→ **GOAL OF THE EXERCISE**
Every record below should be transcribed exactly. Omit the images.

(Stored data)
· · ·

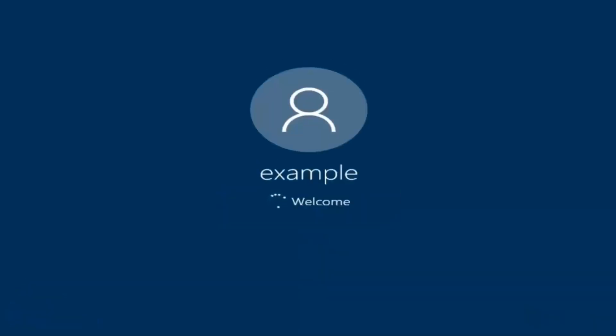And there we go, we can see we are logging into Windows and it should be a fresh install Windows we are logging into right now.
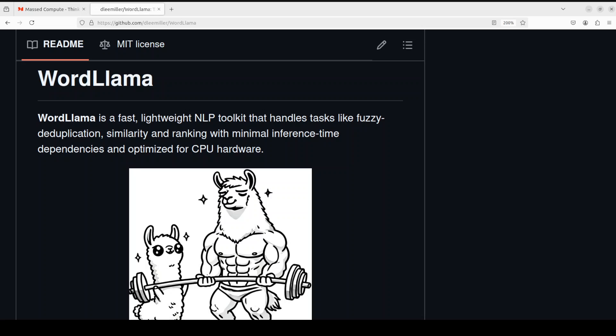Hello everyone and welcome to the channel. In this video I'm going to show you a very nifty tool called WordLlama. WordLlama is a utility for natural language processing tasks. It is also a word embedding model that recycles components from LLMs to create efficient and compact word representations such as Word2Vec or FastText. WordLlama begins by extracting the token embedding codebook from a state-of-the-art LLM such as LLaMA 2 or LLaMA 3 and training a small context-less model in a general-purpose embedding framework.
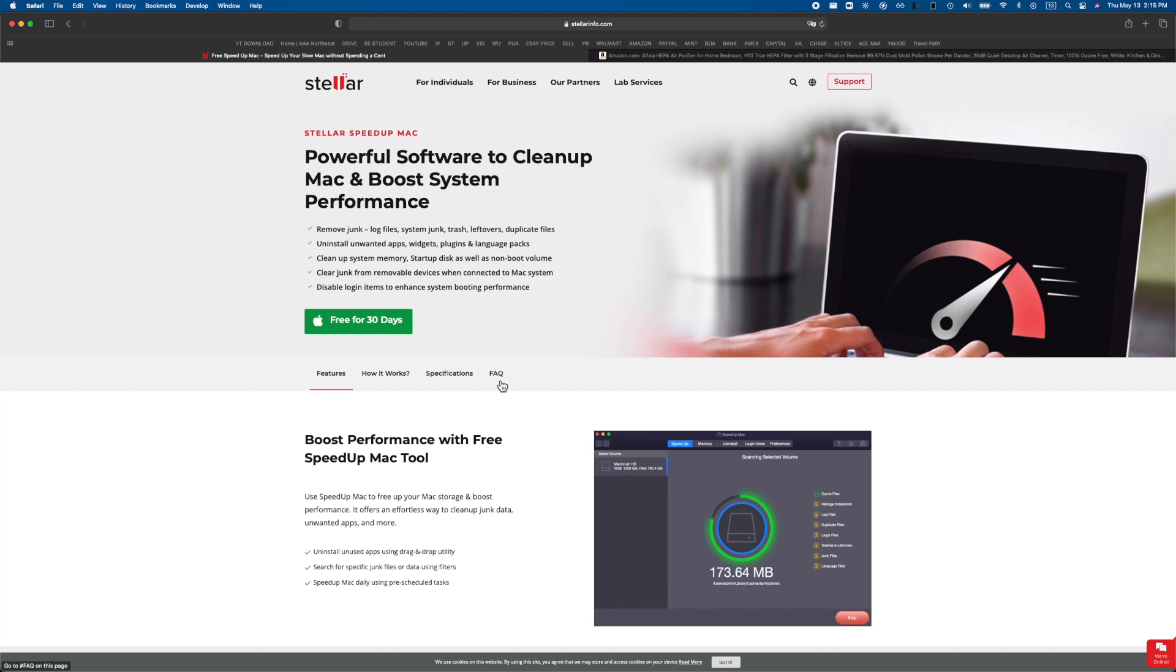What's up ladies and gentlemen, welcome back. This video is brought to you guys by Stellar and we're taking a look at the really awesome Speed Up Mac software. Now this thing has the capability to do everything you could possibly need to speed up your Mac. It can remove log files, system junk, trash leftovers, and duplicate files.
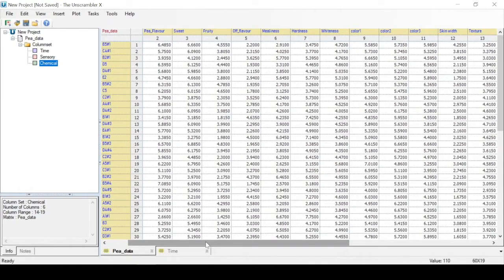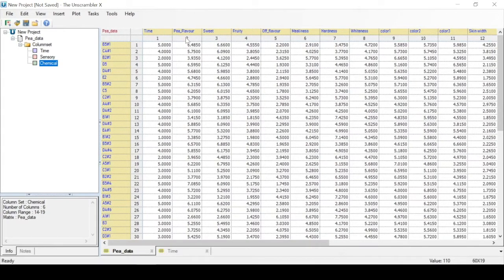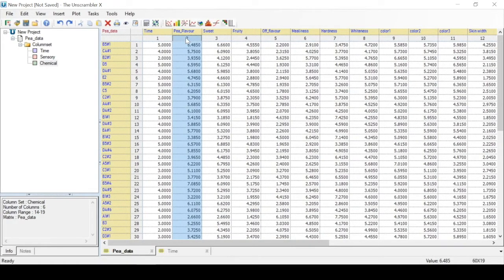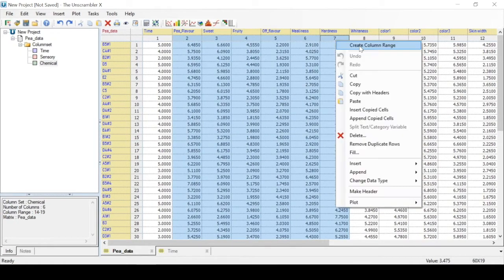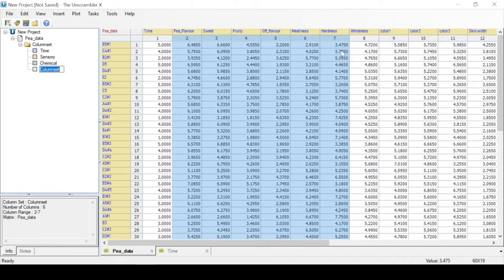Within our sensory measurements, it has been predefined that the first six variables are most important. So we can select the first six columns from pea flavor to hardness. With this selection, we can create a new column range called important sensory.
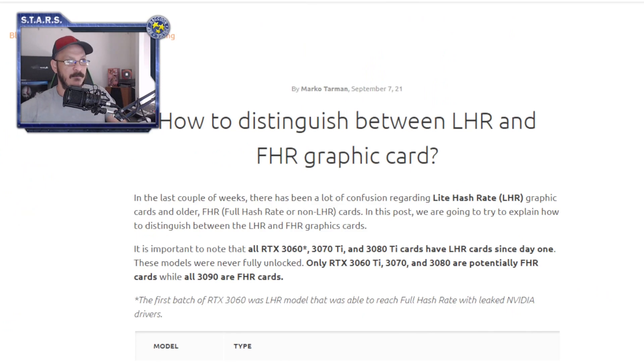Download TechPowerUp GPU-Z. I want you to run it and tell me the information in your graphics card — specifically the BIOS version and the device ID. That way we know the difference between the LHR and non-LHR variants. I'm going to explain why that matters as we take a look at this article, so go do that — not just for me but for everybody else asking questions.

· · ·

→ **ANSWER SPACE**
And there we go, we can see we are logging into Windows and it should be a fresh install Windows we are logging into right now.
Hello everyone and welcome to the channel. In this video I'm going to show you a very nifty tool called WordLlama. WordLlama is a utility for natural language processing tasks. It is also a word embedding model that recycles components from LLMs to create efficient and compact word representations such as Word2Vec or FastText. WordLlama begins by extracting the token embedding codebook from a state-of-the-art LLM such as LLaMA 2 or LLaMA 3 and training a small context-less model in a general-purpose embedding framework.
What's up ladies and gentlemen, welcome back. This video is brought to you guys by Stellar and we're taking a look at the really awesome Speed Up Mac software. Now this thing has the capability to do everything you could possibly need to speed up your Mac. It can remove log files, system junk, trash leftovers, and duplicate files.
Within our sensory measurements, it has been predefined that the first six variables are most important. So we can select the first six columns from pea flavor to hardness. With this selection, we can create a new column range called important sensory.
Download TechPowerUp GPU-Z. I want you to run it and tell me the information in your graphics card — specifically the BIOS version and the device ID. That way we know the difference between the LHR and non-LHR variants. I'm going to explain why that matters as we take a look at this article, so go do that — not just for me but for everybody else asking questions.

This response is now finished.